Risk assessment management industry
This process involves evaluating the degree of risk through determining its probability of its occurrence and potential impact. A risk refers to the uncertainty that occurs that may have an impact on an event. The risks may be classified as being of high probability risk, low probability of risk, high potential for loss and events that have low potential for loss.
According to Cooper 2002 he stated that the risk management tools are used to evaluate firms likelihood of incurring a risk through using the loan packages and alerts that show any doubtful situations that may occur within an organization. Personal risk management tool is a tool that is used in evaluating a companys liquidity, collateral and credit history in order to determine its performance in the organization.
Commercial risk management tools are the tools that are used to analyze the financial data using the financial ratios as they are compared with the industries set standards. Risk management helps an organization to maximize on the firms returns and general prosperity but poor risk management leads to wrong financial commitment and leads to undetected fraud within an organization (Hastak and Baim 67-76).
Management Discussion and Analysis
This is a report that compares operating results, liquidity and financial statements that is removed in filing in the financial statements of a company with Securities Exchange Commission (SEC). It is used in communicating the managers ideas about the operation of the company and provides information about the operations of an entity success and challenges.
According to Sam he stated that the management discussion and analysis of Exxon Mobile Corporation showed that its net income and earnings per share increased by 17% and 25%respectively, which was an indication of higher earnings for the company. The companys inventory such as high crude oil and natural gas realization were declined due to implementing programs aimed at lowering refining process, managing chemical production and increasing the rate operating costs of the organization. The numbers of shares outstanding were reduced through purchasing the shares in stock market.
It was revealed that prices of oil were high as they were attributed to increased cost of crude oil and product purchase which were increasing each year, but in the year 2006 there was a slight decline due to managerial problems within the organization.
Predictions regarding stock of the Exxon mobile corporation
It was reported that there would be a shortfalls in oil products due to factors such as lower crude prices, credit crises and the liquidation of hedge funds and mutual funds.
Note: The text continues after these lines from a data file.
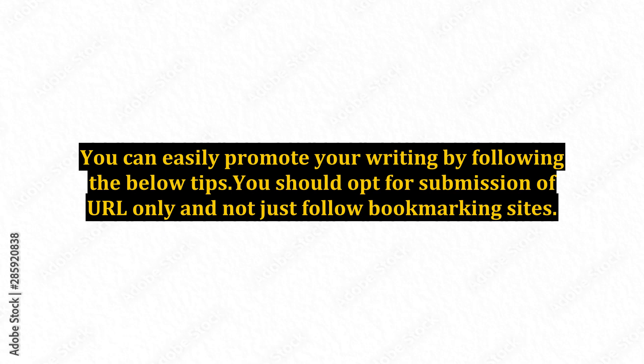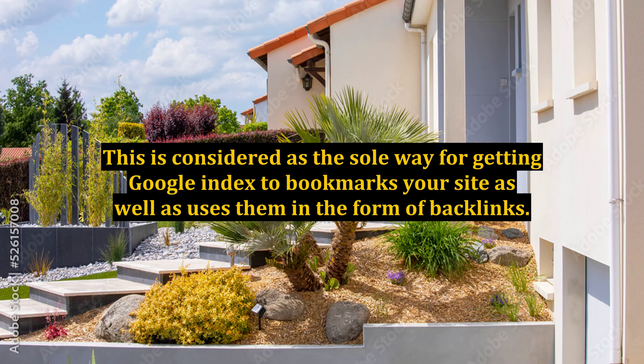You can easily promote your writing by following the below tips. You should opt for submission of URL only and not just follow bookmarking sites. This is considered the sole way for getting Google Index to bookmark your site as well as use them in the form of backlinks.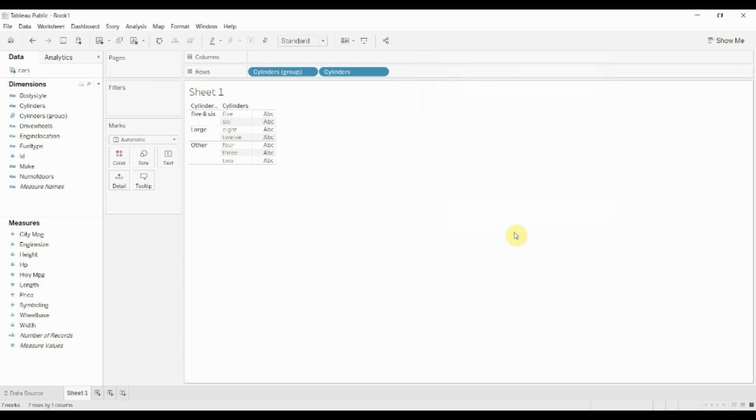Alright, so that's just about it for using groups. They behave just like any other dimension so you can drag them around, use them essentially in place of a dimension.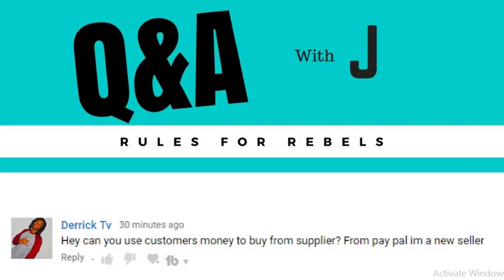Kicking off the first one from Derek TV: 'Can you use a customer's money to buy from a supplier via PayPal? I'm a new seller.' Essentially, he's asking: if I'm drop shipping, can the customer pay me, and then I use that money to order the product? For example, he wants to sell a parachute hammock for $40, buy it for $20, pocket the $20 difference, and ship it to the customer.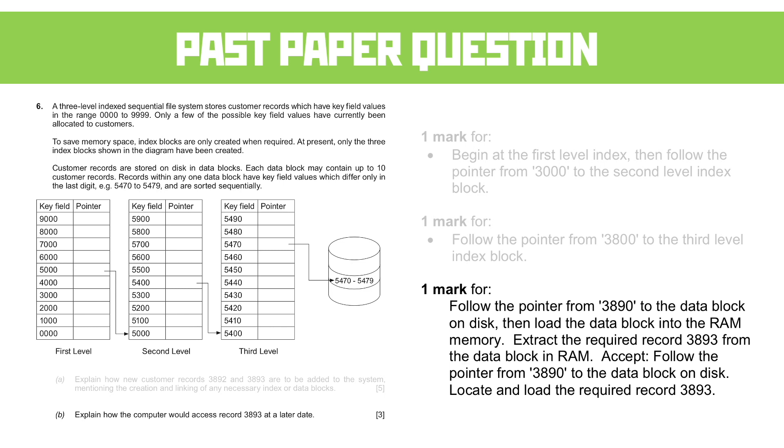As long as you understand what's happening, that the first level is linking to the second level which gives more detail, and then linking to the third level which gives a lot more detail and starts you off at the actual physical location on disk, then we know exactly what's going on here.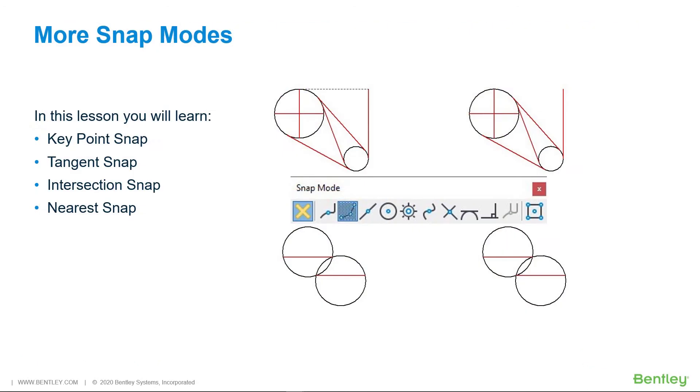In this exercise, we'll try out a new snap and continue to familiarize ourselves with other snaps. In this lesson, you will learn about key point snap, tangent snap, intersection snap, and nearest snap.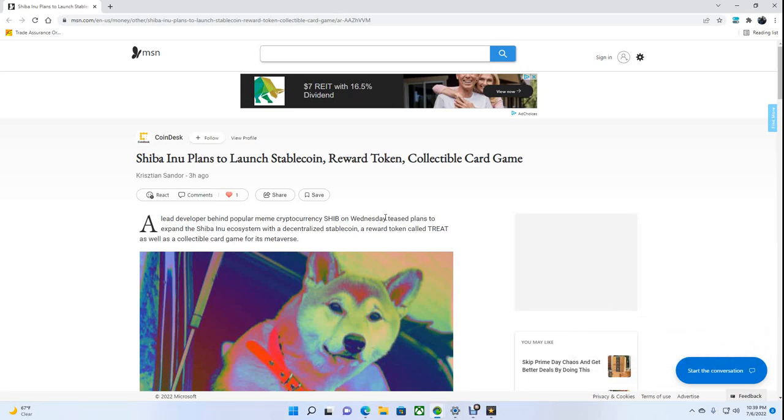Hey, welcome back to the channel, everybody. Shiba Inu is planning to launch a new stablecoin, reward token, and a collectible card game.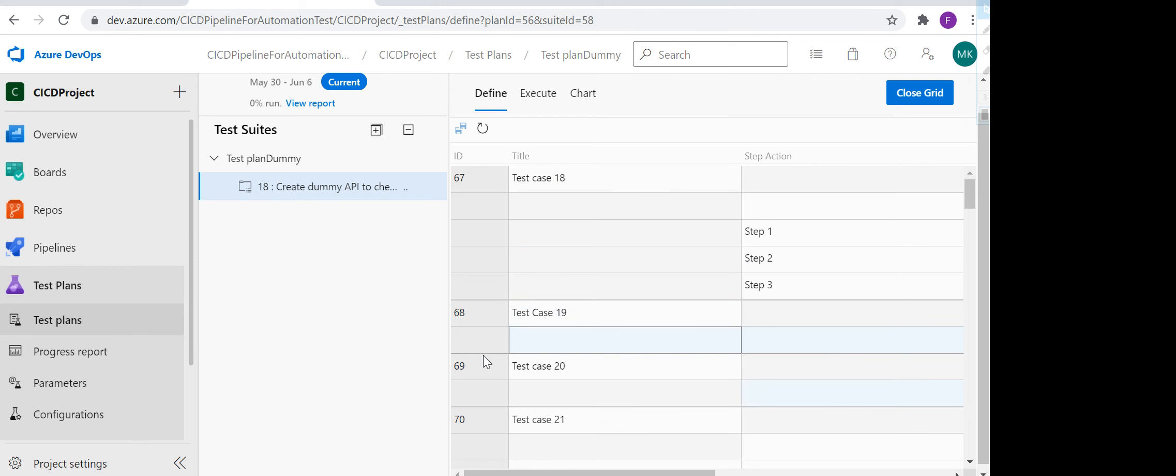So this is how you can add your test cases via bulk upload or using the grid function, the grid feature which we have in Azure DevOps. Thank you very much.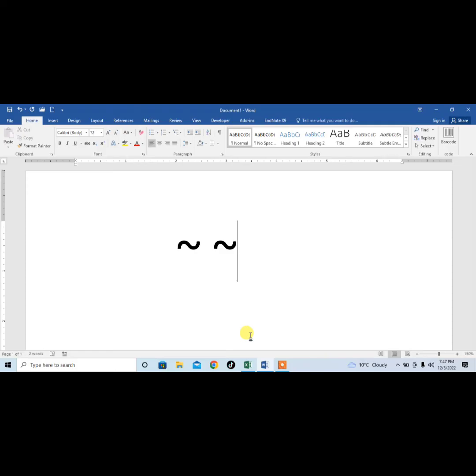So this is how you can write tilde symbol with the help of your keyboard. If this video helps you in any way, please subscribe my channel and hit the like button. Thanks for watching.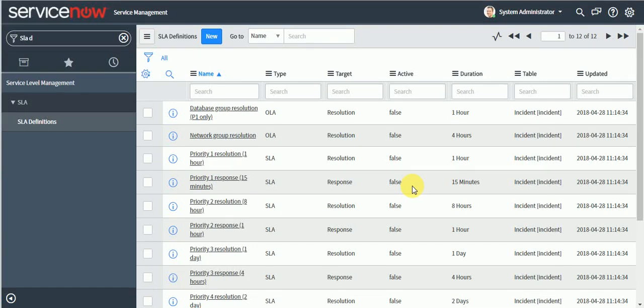Welcome to the next video of ServiceNow training. In today's video we will discuss how to define SLA in ServiceNow for different tables. In my previous video I discussed that according to ITIL there are three types of SLA: SLA, OLA, and UC. In ServiceNow we don't have separate modules for each type.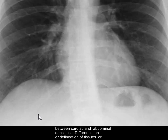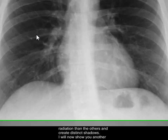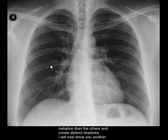Differentiation or delineation of tissues or organs on X-rays is only possible because of differences in densities. Some absorb more radiation and some absorb less radiation than others, and create distinct shadows.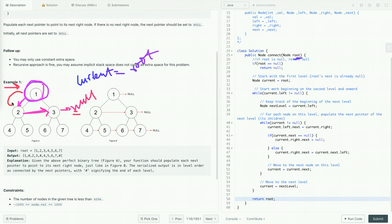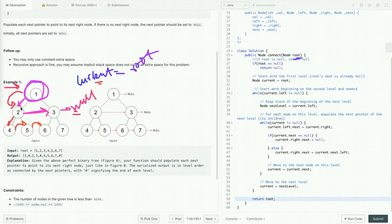Once we are done with the first level, let's move to the next level by initializing the current node to the first node of the next level. We repeat the same process: pick the left child and in its next pointer point to the right child's address. For the right child, we point to the next node's address using the next pointer — since current holds that node's address and the next pointer has the address of its right child. The last right node points to null.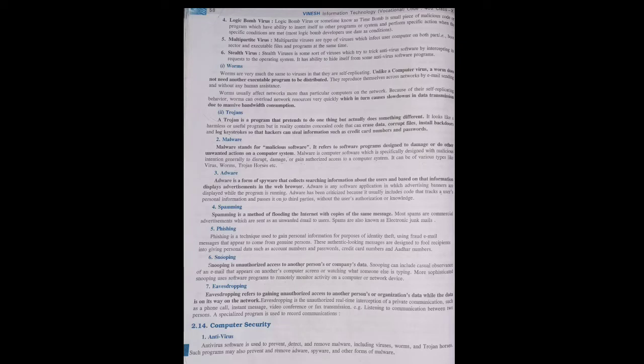Good morning students. In today's lecture we will be doing the remaining internet attacks on the computer, due to which it can harm our computer's data storage or data when it is being transferred from one place to another. First of all we will be discussing spamming. It is a method of flooding the internet with copies of the same message. That is known as spamming.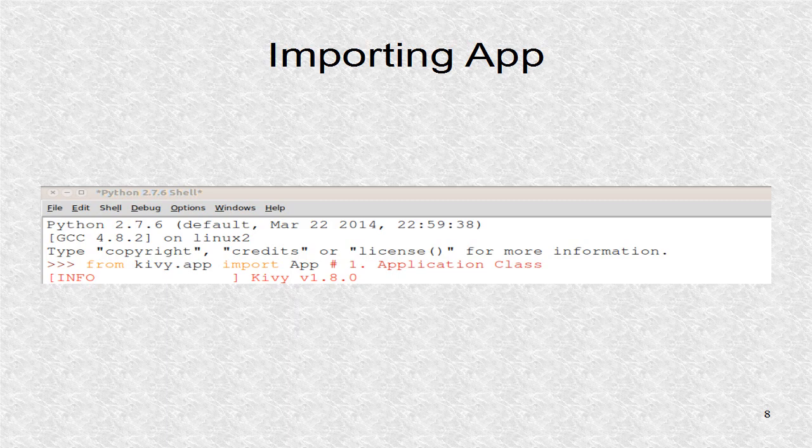On the Kivy homepage at bottom, they have the simple Hello World application. There are four steps in writing this application. First, the application class is imported. This will always be required in any program you write, since your program has to borrow its functionality.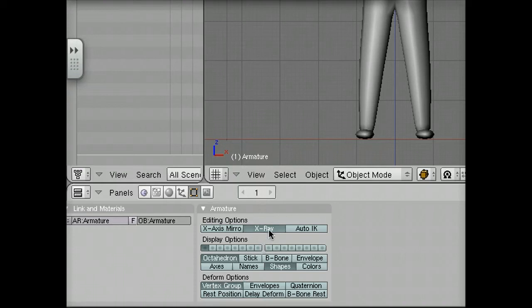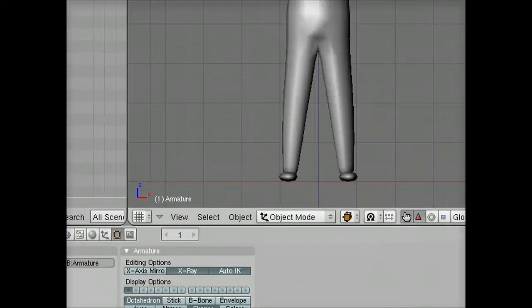I turned on X-Ray, and if you want, you can turn on Auto-Inverse Kinematics right now as well. That's not as vital.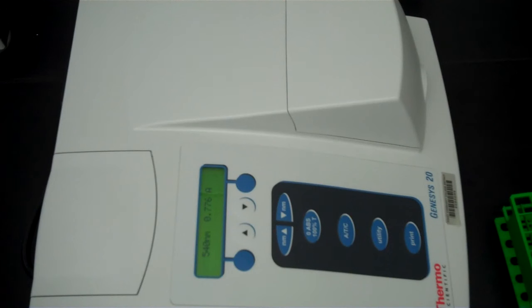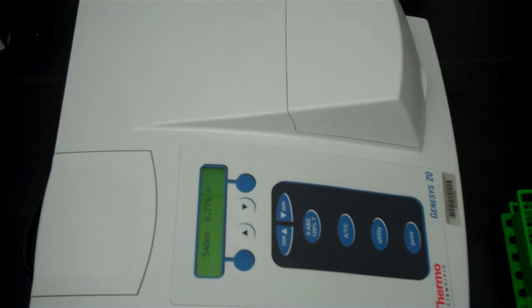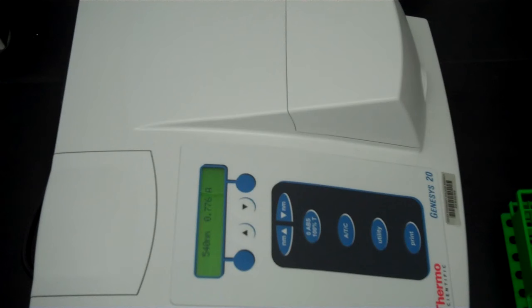You do need to re-blank the machine any time you change the wavelength. So if you have to change the wavelength, you reset the wavelength, you put in your solvent blank, and once again press 0 ABS 100% T.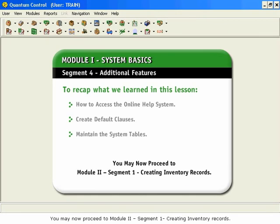You may now proceed to Module 2, Segment 1, Creating Inventory Records.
The company has been keeping enough stock for its products; therefore in case there was a shortfall in supply of the oil and gas products it would immediately deliver services to the customers. The predictions of the companys stock is that it will last for a period of over 10 years since it undertakes exploration and development within the country that have contributed to constant supply of the produce to the customers. The recommendations that would be given to the management of the company incase its oil wells deplete in the future is that they should venture in the production of natural gases so as to compensate for depletion of oil wells in a country.
Summary
It has been noted that when the management of organization follow the rules and regulations that pertain accounting profession they can generate revenues and incomes.Extensive research should be carried out so as to ensure the right personnel are employed so that they can undertake all accounting in a more efficient manner. The performance of Exxon mobile improved due to proper utilization of its resources in an effective manner and meeting its financial obligations as they occurred.